HK1168121A - New dispersion adhesives, method for their manufacture and application thereof - Google Patents

Abstract

The present invention relates to a new aqueous dispersion adhesive, a method for producing the same and uses thereof in furniture and automobile industry.

Description

The present invention relates to novel aqueous dispersion adhesives, their manufacturing processes and their use in the furniture and automotive industries.

Err1:Expecting ',' delimiter: line 1 column 254 (char 253)

The present invention was therefore intended to provide cost-effective alternatives to aqueous dispersion adhesives, particularly in the automotive industry.

Surprisingly, it has now been found that aqueous dispersion adhesives containing certain carbodiimides and polyurethane dispersions do not have the disadvantages of the state of the art and are excellent as dispersion adhesives for use in the furniture and automotive industries.

Err1:Expecting ',' delimiter: line 1 column 253 (char 252)
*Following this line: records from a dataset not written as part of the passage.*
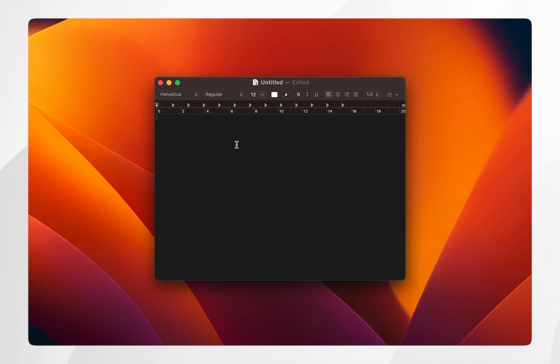However there is another way of typing emojis which might feel a little bit more natural and that's called text replacement. In this case I've set up the bus text replacement to replace the text with a bus emoji.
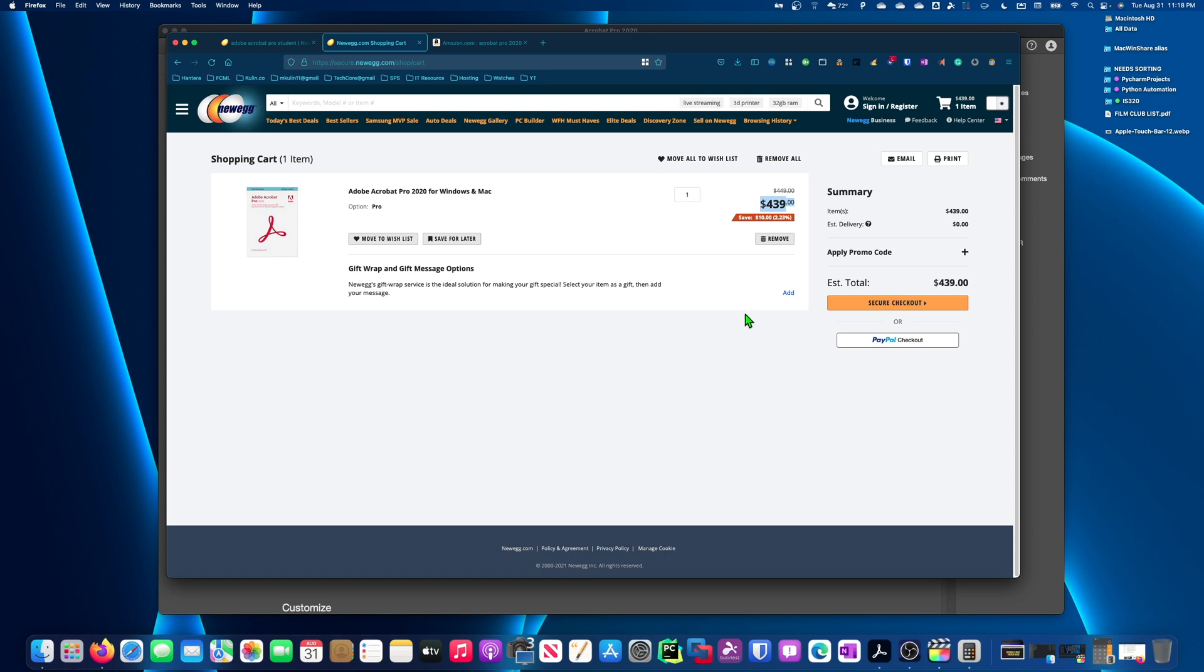But if you really think about it, people are still using the 2017 version of Acrobat. Some are using the 2013 version of Acrobat. The point is, once you buy this, it will last a long time.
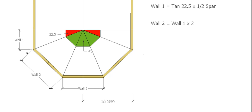Now fortunately, wall 2 is simply double the length of wall 1, so wall 2 equals wall 1 times 2. Pretty simple, so that gives you that distance.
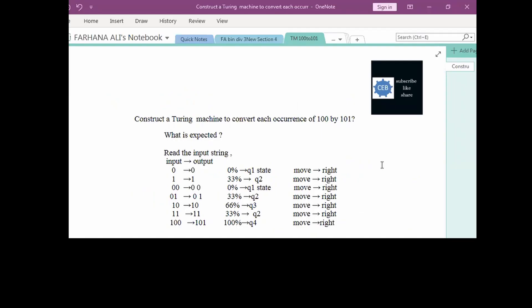Today we will design a Turing machine to convert each occurrence of 100 to 101.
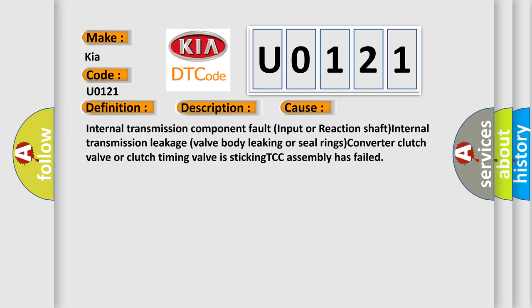Or clutch timing valve is sticking, TCC assembly has failed.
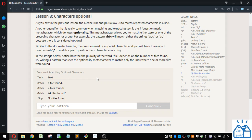In the strings below, notice how the plurality of the word file depends on the number of files found. Try writing a pattern that uses the optionality metacharacter to match only the lines where one or more files were found.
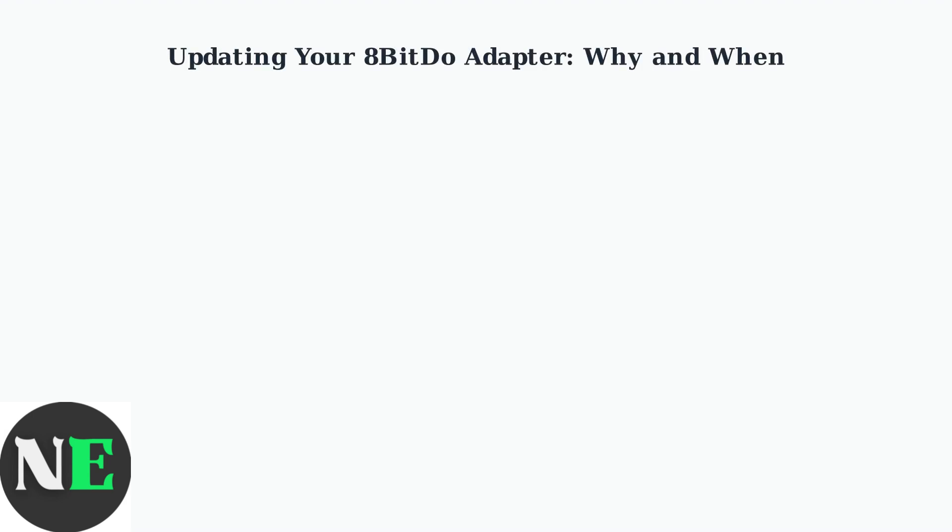Keeping your 8BitDo adapter firmware updated is essential for optimal performance and compatibility. Understanding why and when to update will help you get the most out of your gaming setup.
Mixtures of carbodiamides of formula (1) including the corresponding oligomers and/or polymers may also be used.

Preferably, monomeric carbodiimides of formula (I) based on aromatic and/or aliphatic diisocyanates are used.
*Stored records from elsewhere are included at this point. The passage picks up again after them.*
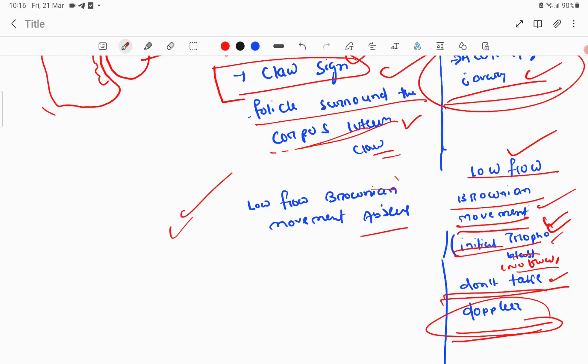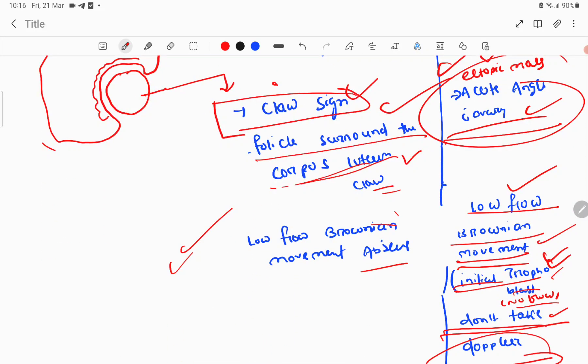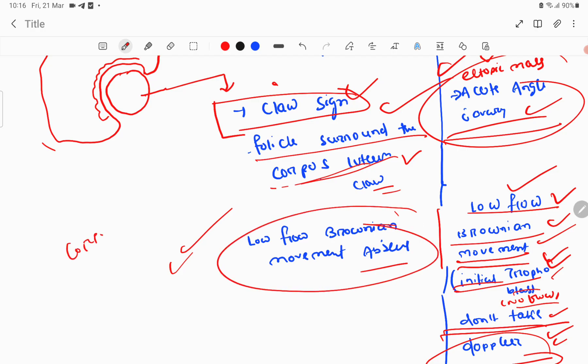Another very important and easy-to-identify sign is low flow Brownian movement. In ultrasound images, low flow Brownian movement is seen in ectopic pregnancy because the initial trophoblast does not have much flow. Do not use Doppler in early ectopic pregnancy. In corpus luteum, this low flow Brownian movement is absent.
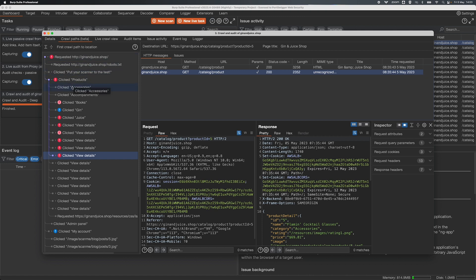So yeah, request Gin and Juice Shop, click products, click view details, it's all there for you. So we're still actively working on this feature and we've got plenty more planned to come for it, but please do let us know what you think so far.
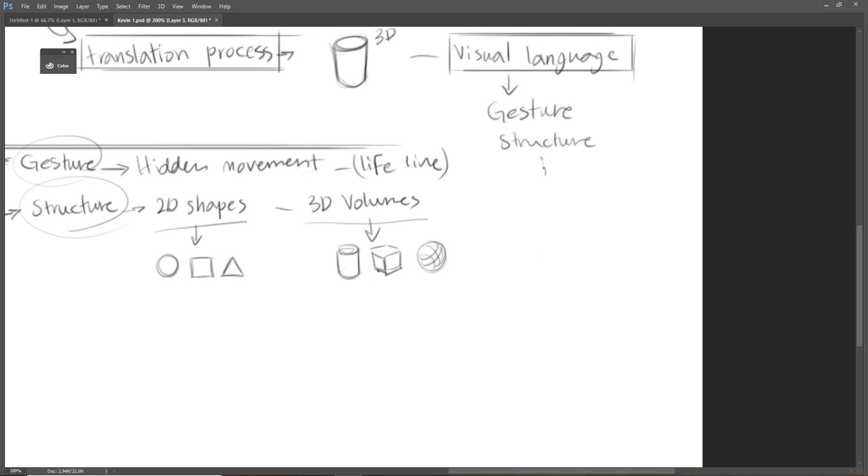So the first thing to do when you see an object, and when you want to draw that object, is to first translate that object into gesture, and then think about its shapes, its volumes.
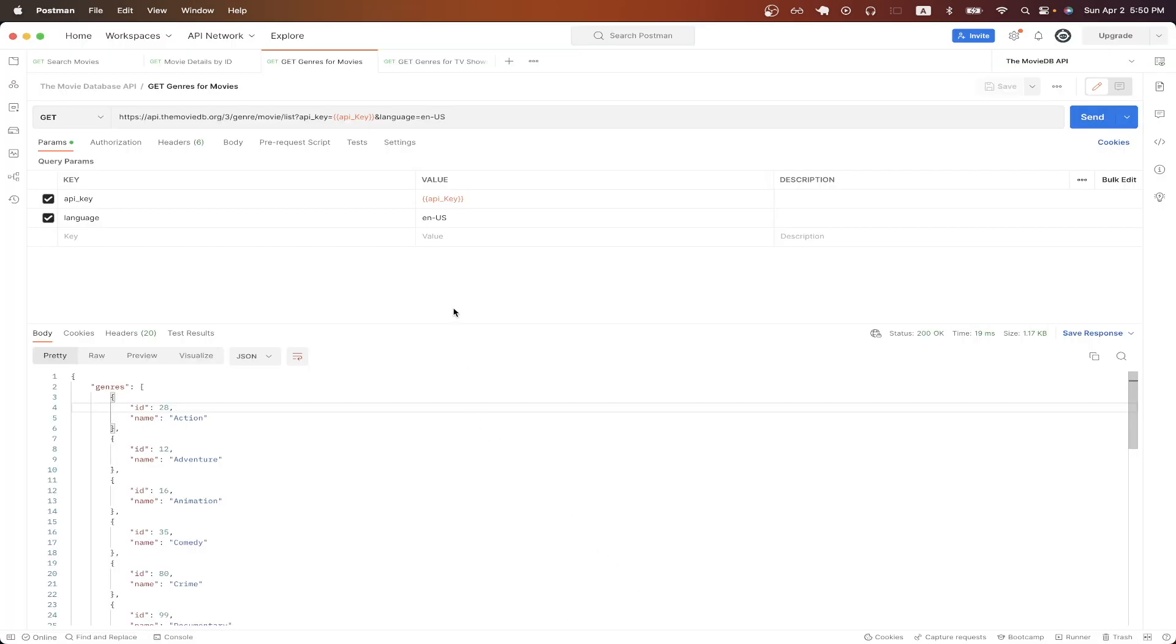Going back to Postman, if we make the exact API call for the Movie Genre API and just hit Send, looking at the result, we can now see all of the possible genres that each movie could be classified as.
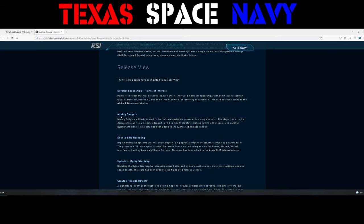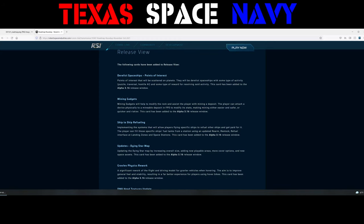With that said, let's go on to what's new on the release view. Derelict spaceships, points of interest. Points of interest that will be scattered on planets. They will be derelict spaceships with some type of activity or puzzle, traversal, hostile AI, something along those lines, and some type of reward for resolving said activity. This card has been added to Alpha 3.16. So derelict spaceships on 3.16. Mining gadgets. They will help modify the rock and assist the player with mining deposits. The player can attach a device physically to a mineable deposit in FPS to modify its stats, making mining either easier and safer or quicker and riskier. This card has been added to Alpha 3.16.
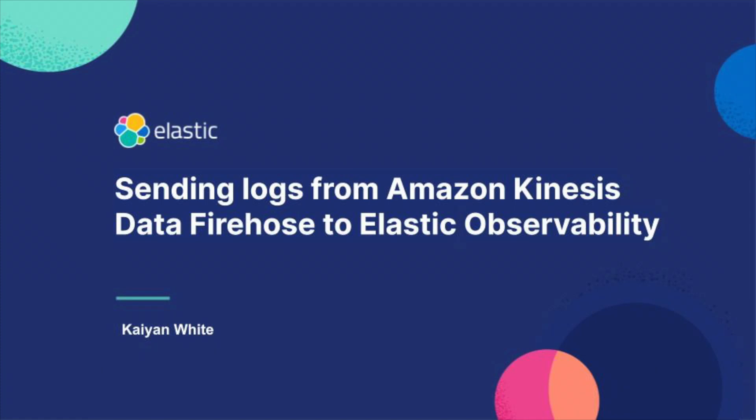Hello everyone, this is Kalyan White. I am a software engineer at Elastic. In this video, I would like to show you how to stream logs to Elastic using Amazon Kinesis data firehose. I'll use VPC flow log as an example and let's get started.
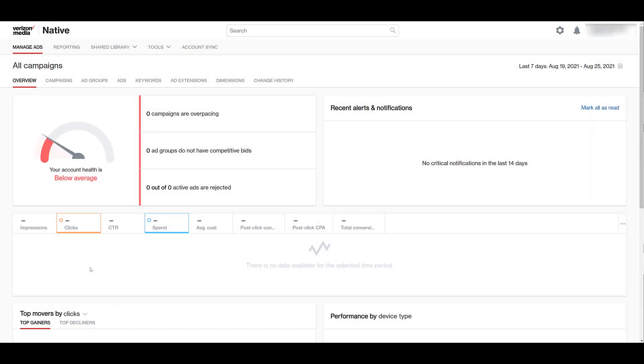I am logged into the Verizon Media interface and what you're seeing right now is the main overview section. My account health is below average because this account has not run a single campaign. We haven't set anything up yet, so it's pretty blank. So let's head up to campaigns so we can start building our first campaign.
Err1:Expecting ',' delimiter: line 1 column 205 (char 204)

The abovementioned carbodiimides of formulae (I) to (IV) may also be produced by manufacture in mixtures of monomeric, oligomeric and/or polymer compounds, which are also covered by the subject matter of the invention.
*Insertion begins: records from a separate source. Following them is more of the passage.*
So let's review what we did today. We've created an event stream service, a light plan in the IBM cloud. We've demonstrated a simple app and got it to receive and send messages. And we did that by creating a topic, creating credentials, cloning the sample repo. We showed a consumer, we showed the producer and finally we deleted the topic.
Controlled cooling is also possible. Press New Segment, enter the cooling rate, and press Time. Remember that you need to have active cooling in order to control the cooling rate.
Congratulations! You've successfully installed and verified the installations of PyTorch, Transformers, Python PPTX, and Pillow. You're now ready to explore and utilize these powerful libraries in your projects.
The compounds of formula (I) to (IV) are commercially available, e.g. from Rhein Chemie Rheinau GmbH, or can be produced by the usual processes, e.g. as described in DE-A-11 30 594 or US 2 840 589, or by the condensation of diisocyanates by decomposition of carbon dioxide at elevated temperatures, e.g. 40 to 200 °C, in the presence of catalysts. For example, strong bases or phosphorus compounds have proven to be catalysts. Phospholenoxides, phospholidines or phospholinoxides and the corresponding sulfides are preferred.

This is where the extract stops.